A informação, que ecoa nos corredores de Brasília e foi destacada recentemente pelo colunista Lauro Jardim, aponta que o avanço das apurações da Polícia Federal elevou a temperatura interna a níveis críticos. A análise de celulares apreendidos, incluindo o do ex-controlador do banco, Daniel Vorcaro, teria revelado mensagens comprometedoras, como cobranças insistentes vindas de uma “autoridade da República”.
Toffoli e Moraes no centro do furacão
O foco da tensão recai sobre figuras centrais do STF. O ministro Dias Toffoli, relator do caso, tem sido alvo de críticas por impor sigilo excessivo aos autos e por tomar decisões consideradas controversas. Nos bastidores, há relatos de que parte da Corte já considera a permanência de Toffoli na relatoria como “insustentável”, pressionando por uma redistribuição do inquérito ou sua devolução à Justiça Federal.
Outro ponto que alimenta a crise envolve contratos do escritório da esposa do ministro Alexandre de Moraes com o banco investigado, fato que gera desconforto e questionamentos sobre possíveis conflitos de interesse.
PF quebra sigilos e expõe “entranhas”
A situação se agravou após a Polícia Federal conseguir quebrar a criptografia de dispositivos eletrônicos, superando tentativas de ocultação de provas.

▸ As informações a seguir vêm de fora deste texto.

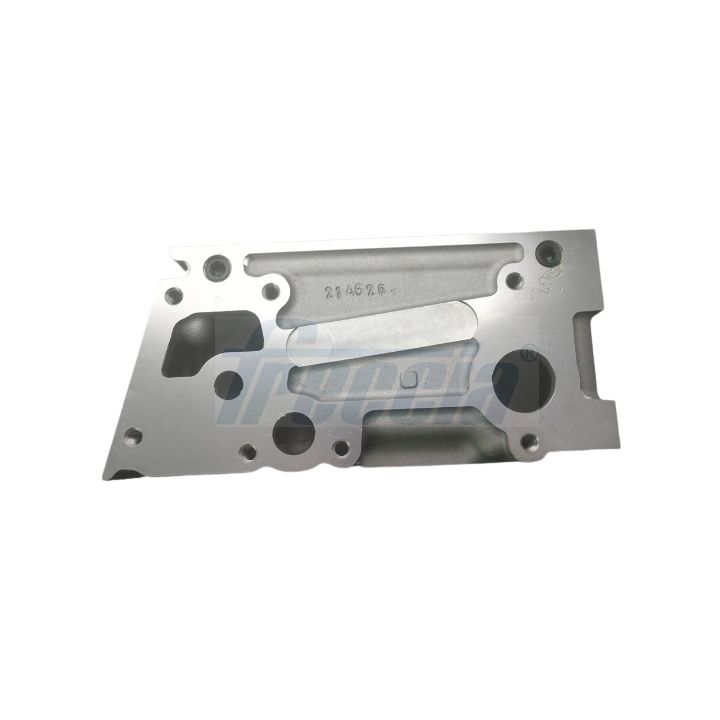 Cilindro galvutė FRECCIA CH17-1033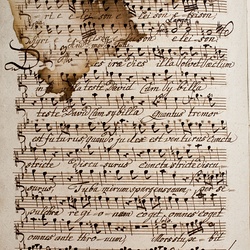 D 23, M. Haydn, Requiem, Soprano-2.jpg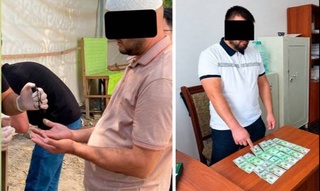 В Самаркандской и Сырдарьинской областях задержаны граждане за незаконную организацию «Умры»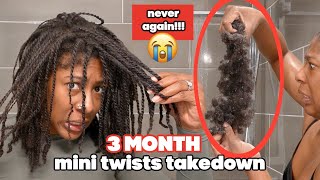 3 Month Mini Twists My Type 4 Natural Hair Wash Day Routine After Protective Style Length Check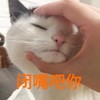 萌宠 猫星人 闭嘴吧你 搞怪 逗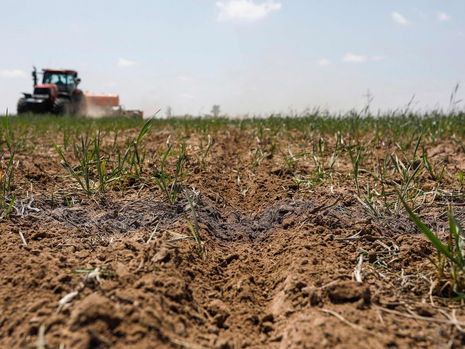 Food Companies Look to Measure How Soil Captures Carbon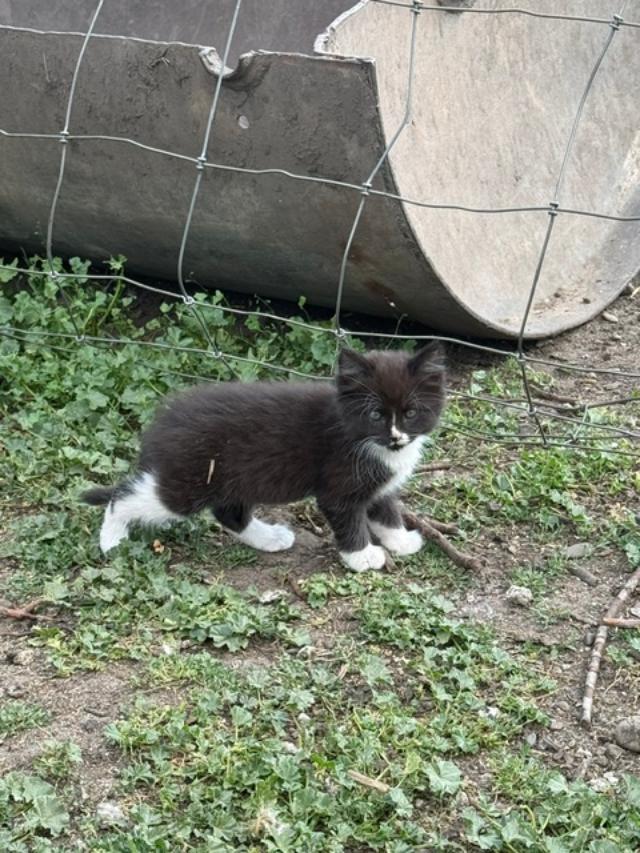 One of our barn kittens exploring the great outdoors
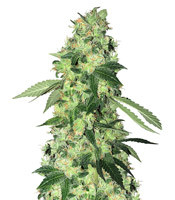 Do-Sweet-Dos - Herbies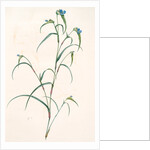 Commelina dianthifolia, Comméline à feuilles d'œillet, Birdbill Dayflower by Pierre Joseph Redouté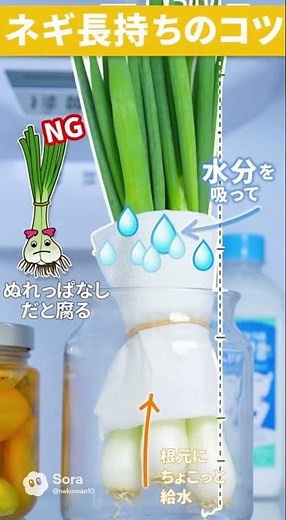 ネギを長持ちさせる保存法 #豆知識 #豆知識シリーズ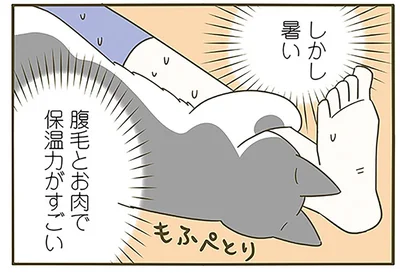 猫がくっついてきて…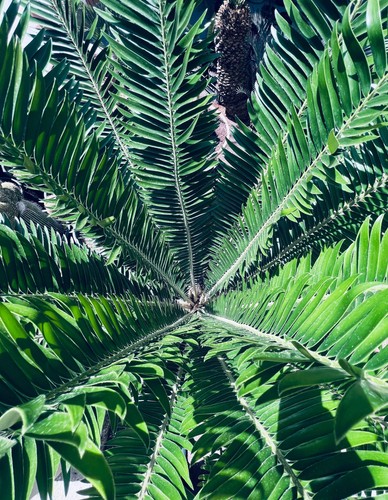 Encephalartos barteri - ,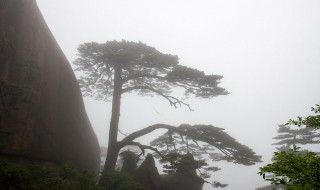 迎客松是什么松树（黄山迎客松是什么松树）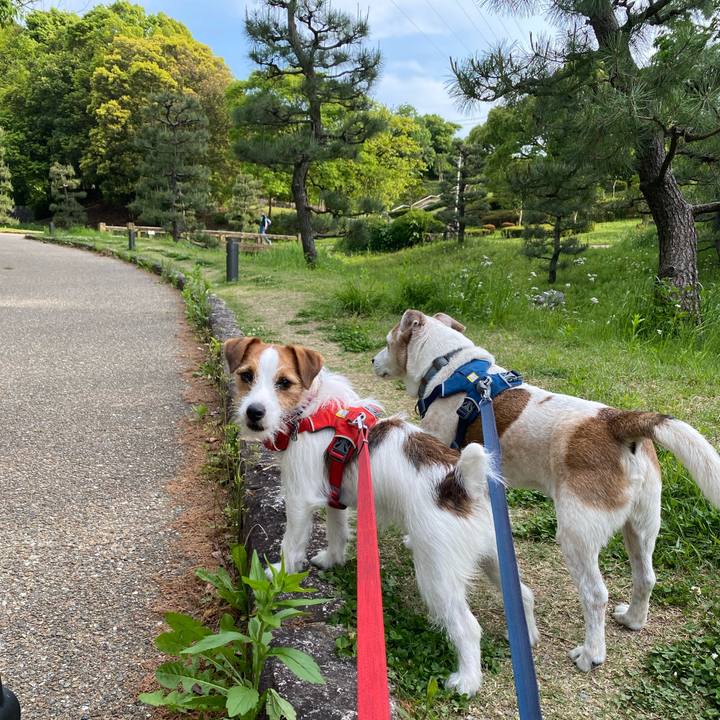 Ab97c0a4 afa1 41c8 9dae 6fad68142c82 1651743260888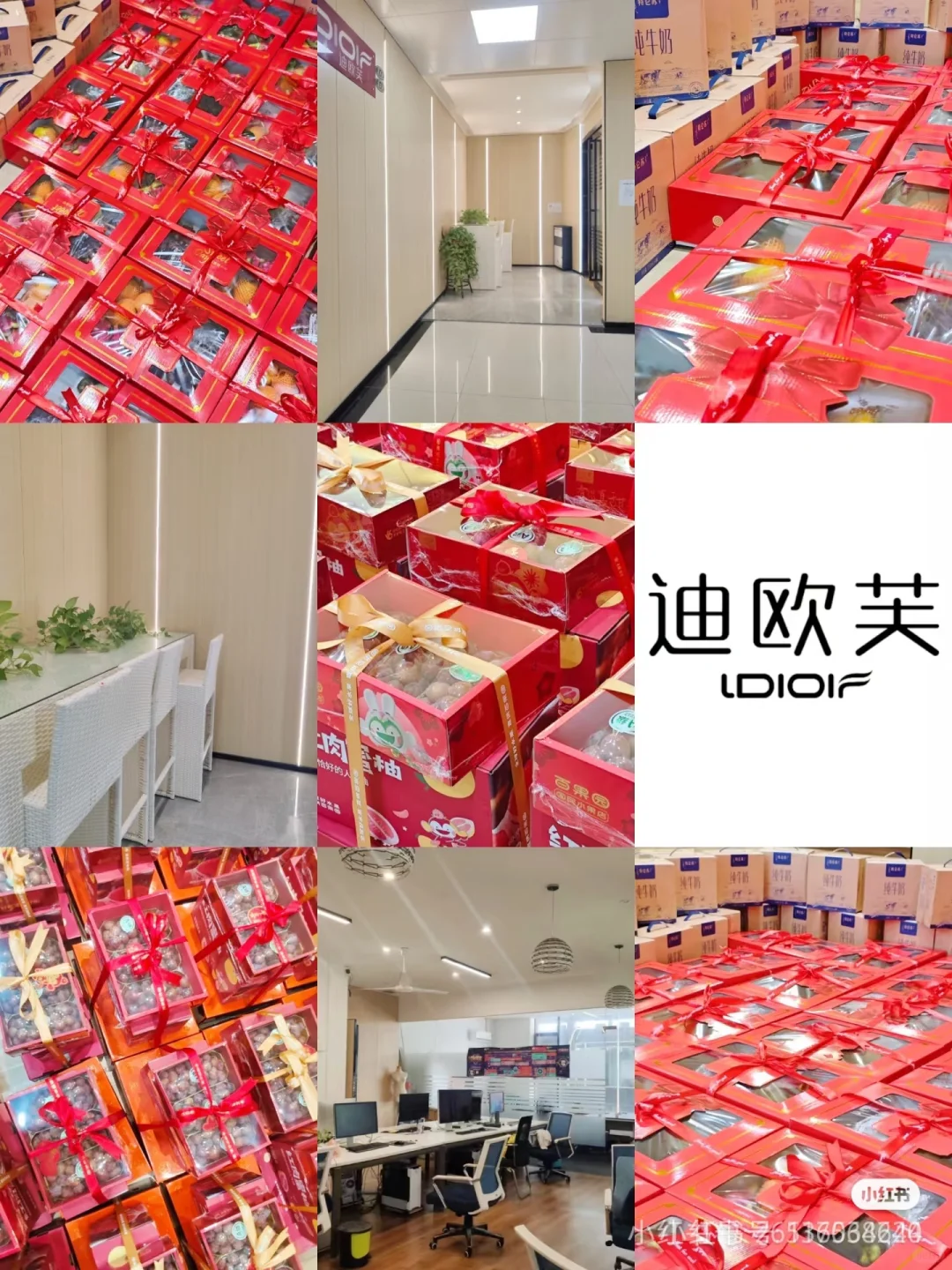 服装公司招聘,不坐班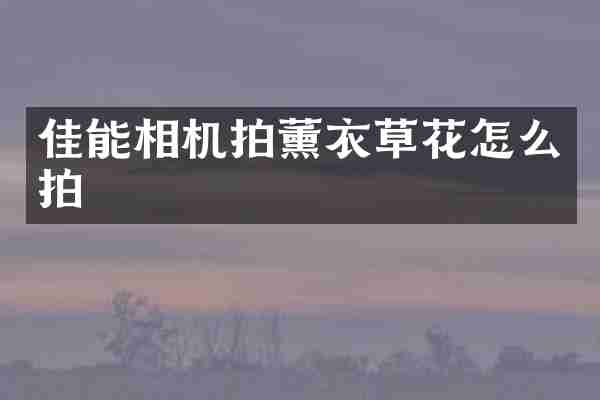 佳能相机拍薰衣草花怎么拍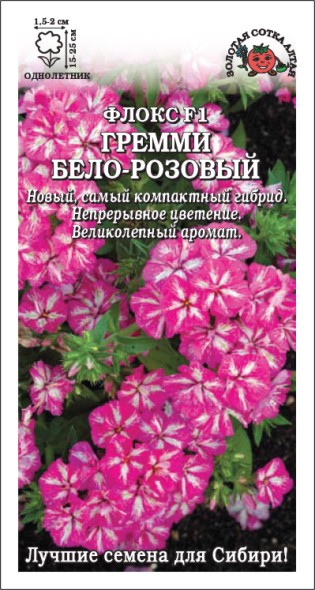 картинка Флокс Друммонда Гремми Бело-розовый F1, 5 шт. от магазина ОПТ6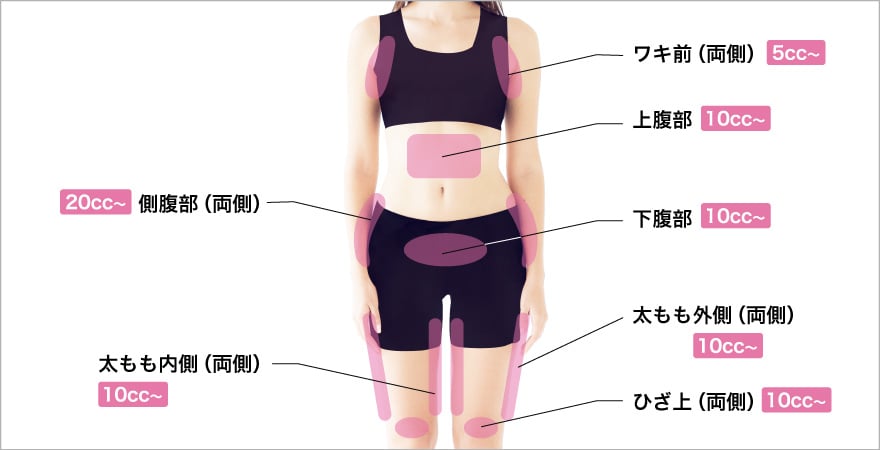 身体前面治療部位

O material obtido promete trazer à tona novas evidências sobre a influência de personagens institucionais no esquema, o que agrava ainda mais o desgaste da imagem do Judiciário perante a opinião pública.
Em meio a discussões sobre códigos de conduta e discursos de moralidade, o “Caso Master” se desenha como uma bomba-relógio prestes a explodir no colo da mais alta Corte do país.